In 1758, Quesnay published the Tableau economique (Economic Table), which provided the foundation of the ideas of the Physiocrats. This was perhaps the first work to attempt to describe the workings of the economy in an analytical way, and as such can be viewed as one of the first important contributions to economic thought. That Quesnay had such a seminal influence on economics is all the more surprising since he served under Louis XV in Versailles, not as an economist, but as a medical doctor.

Though on account of its dryness and abstract form the Economic Table met with little general favour, it was regarded by the followers of Quesnay as entitled to a place amongst the foremost products of human wisdom. Its object was to exhibit by means of certain formulas the way in which the products of agriculture, which is the only source of wealth, would in a state of perfect liberty be distributed among the several classes of the community (namely, the productive classes of the proprietors and cultivators of land, and the unproductive class composed of manufacturers and merchants), and to represent by other formulas the modes of distribution which take place under systems of governmental restraint and regulation, with the evil results arising to the whole society from different degrees of such violations of the natural order.

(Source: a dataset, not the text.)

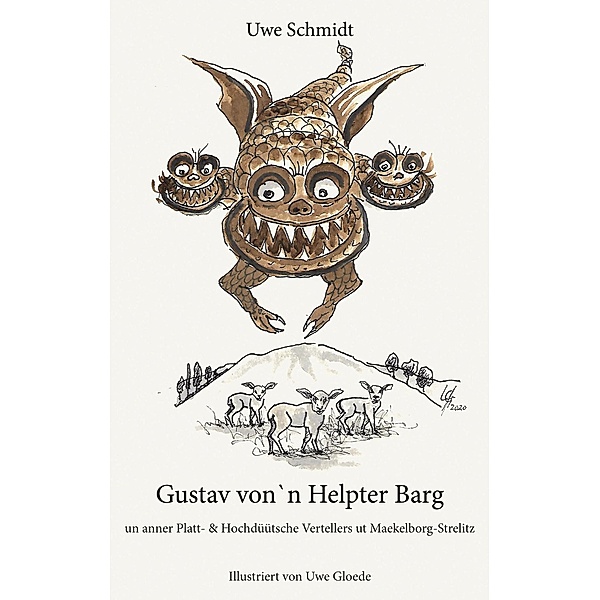 Gustav von`n Helpter Barg, Uwe Schmidt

It follows from Quesnay’s theoretic views that the one thing deserving the solicitude of the practical economist and the statesman is the increase of the net product; and that the interest of the landowner is strictly and indissolubly connected with the general interest of the society. A small edition of this work, with other pieces, was printed in 1758 in the Palace of Versailles under the king’s immediate supervision. Already in 1767 the book had disappeared from circulation, and no copy of it is now procurable; but, the substance of it has been preserved in the Ami des hommes of Mirabeau, and the Physiocratie of Dupont de Nemours.